After treatment these diseases may last for many years. Age of the person diagnosed with Leukemia does play an important part in how that individual responds to any treatment. The older the person the less response he may have to treatment. Leukemia in Animals white blood cells is much less common as Leukemia in humans white blood cells. Today’s treatment mostly includes chemotherapy and or bone marrow transplantation supportive care, where transfusions of blood components and prompt treatment of complicating infections, is very important.
Ninety percent of children with Acute Lymphocyte Leukemia have received chemotherapy and fifty percent of theses children have been fully cured of Leukemia. Treatment of AML or Acute Myeolcytic Leukemia is not as successful but has been improving more and more throughout the 1990’s. Scientists that study the cause of Leukemia have not had very much success lately. Very large doses of x-rays can increase the efficacy growth of Leukemia. Chemicals such as Benzene also may increase the risk of getting Leukemia. Scientists have tried experiments on Leukemia in Animals by transmitting RNA into the body of the Animal.
Interpretation of these results in relation with human Leukemia is very cautious at this time. Studies have also suggested that family history, race, genetic factors, and geography may all play some part in determining the rates of growth of these Leukemias. Stewart Alsop is an example of Acute Myeoblastic Leukemia, or AML. On the day of July 21, 1971 Stewart was made aware of some of the doctors suspicions due to his bone marrow test. He was told by his doctor in Georgetown that his marrow slides looked so unusual that he had brought in other doctors to view the test and they could not come to an agreement so they all suggested that he take another bone marrow exam.
The second test was known to be “hypocelluar” meaning that it had very few cells of any sort, normal of abnormal. The Georgetown doctors counted, about fourty-four percent of his cells were abnormal, and he added, with a condor that he later discovered characteristics. “They were ugly-looking cells.” Most of them looked like Acute Meyoblastic Leukemia cells, but not all some of them looked like the cells of another kind of Leukemia, Acatymphoblastic Leukemia, and some of them looked like the cells of still another kind of bone marrow cancer, not a Leukemia, it is called Dysprotinemia. And even the Myeloblastic cells didn’t look exactly like Myeloblastic cells should look.
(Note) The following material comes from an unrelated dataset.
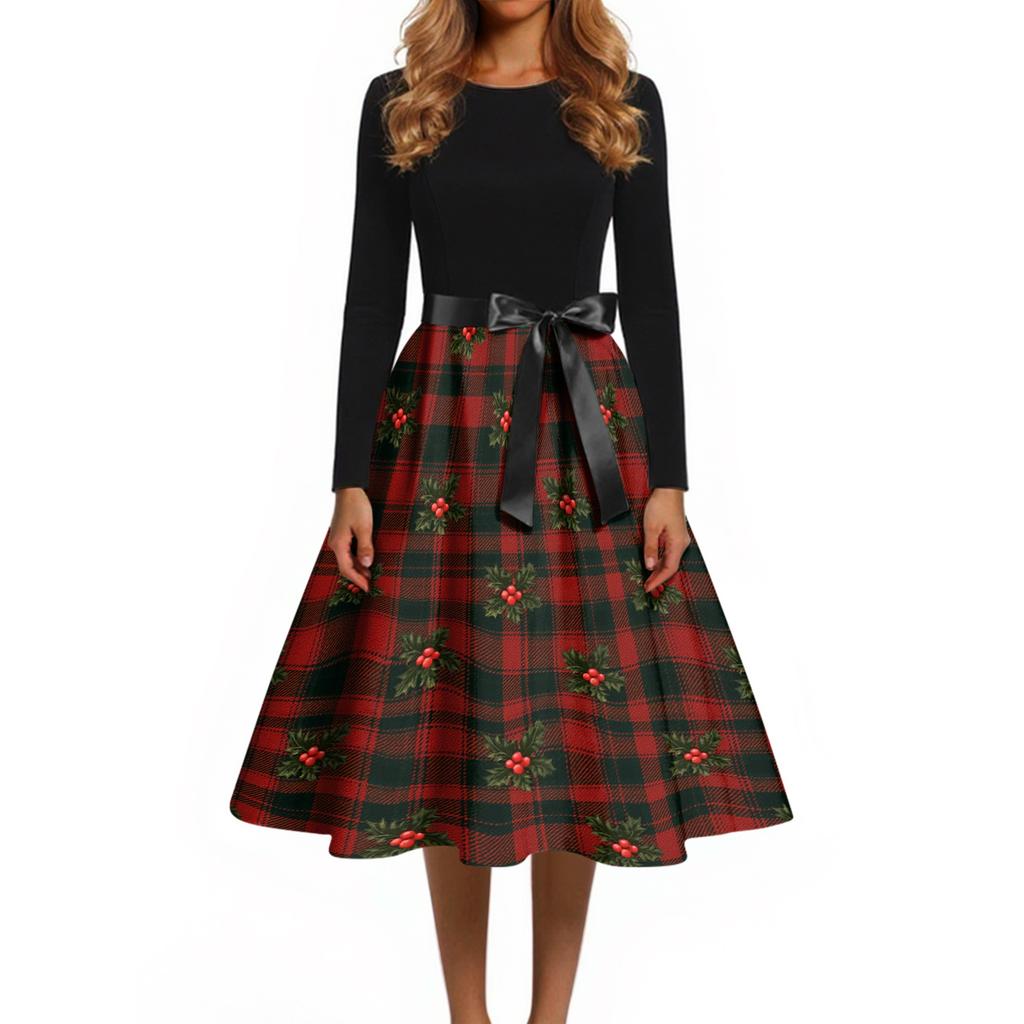 Women's Vintage V-Neck Christmas Print Casual Dress for Holiday Party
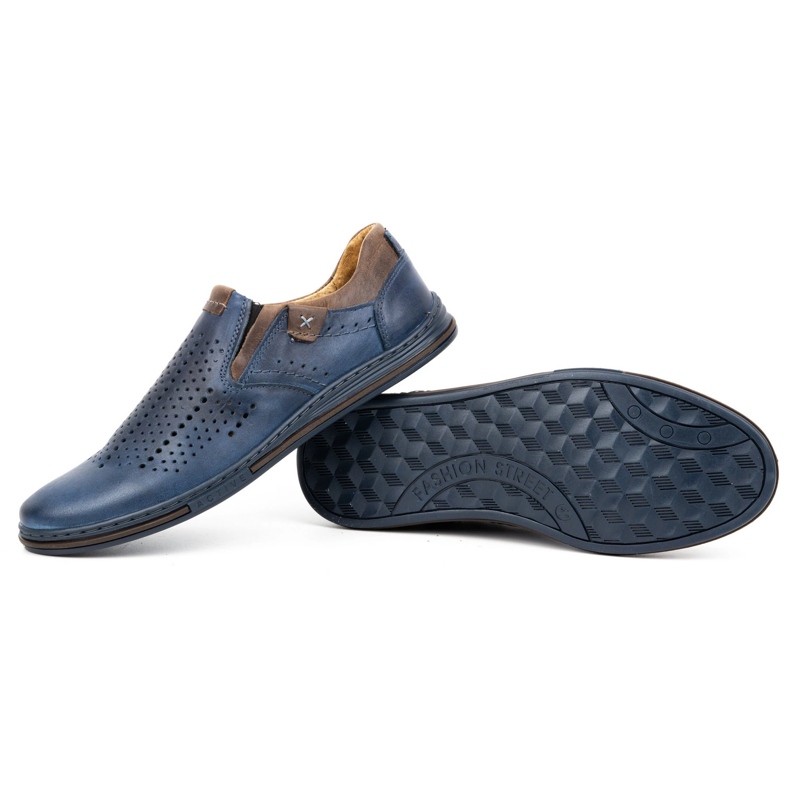 Polbut Sapatos de verão de homem em pele 401L azul marinho com castanho 2 Polbut Sapatos de verão de homem em pele 401L azul marinho com castanho 2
Stewart has been treated with chemotherapy and is still living today but he doesn’t have very much longer to live.
Sadako Saski was born in Japan in the year of 1943 she died twelve years later in the year of 1955 of Leukemia. She was in Hiroshima when the United States Air Force dropped an atomic bomb on that city in an attempt to end World War II. Sadako Saski was only two years old when all this had happened. Ten years later, Sadako had been diagnosed with Leukemia as a result of the radiation from the bomb. At this time Sadako was only a twelve year old little girl and she died of Leukemia.
Everyday Sadako grew weaker and weaker thinking about her death and the day finally came. Sadako died on October 25, 1955. Sadako was very much loved by all of her classmates. At the time of death, her classmates folded 356 paper cranes to be buried with her. This is a symbol in Jpan of thoughtfulness. In summary to what I have learned about Leukemia it is a very painful disease. The people with Leukemia suffer very much throughout the disease and treatment of the disease, even if they are eventually cured.
The treatment it took to get there was very painful. The studies of Leukemia have helped alot of people to be cured but there are still alot of people suffering due to no cure found to help them. I’m sure like all other cures needed, the money is short funded for the research that cost so very much. Maybe someday soon, we hope, they will find a cure for all kinds of cancer.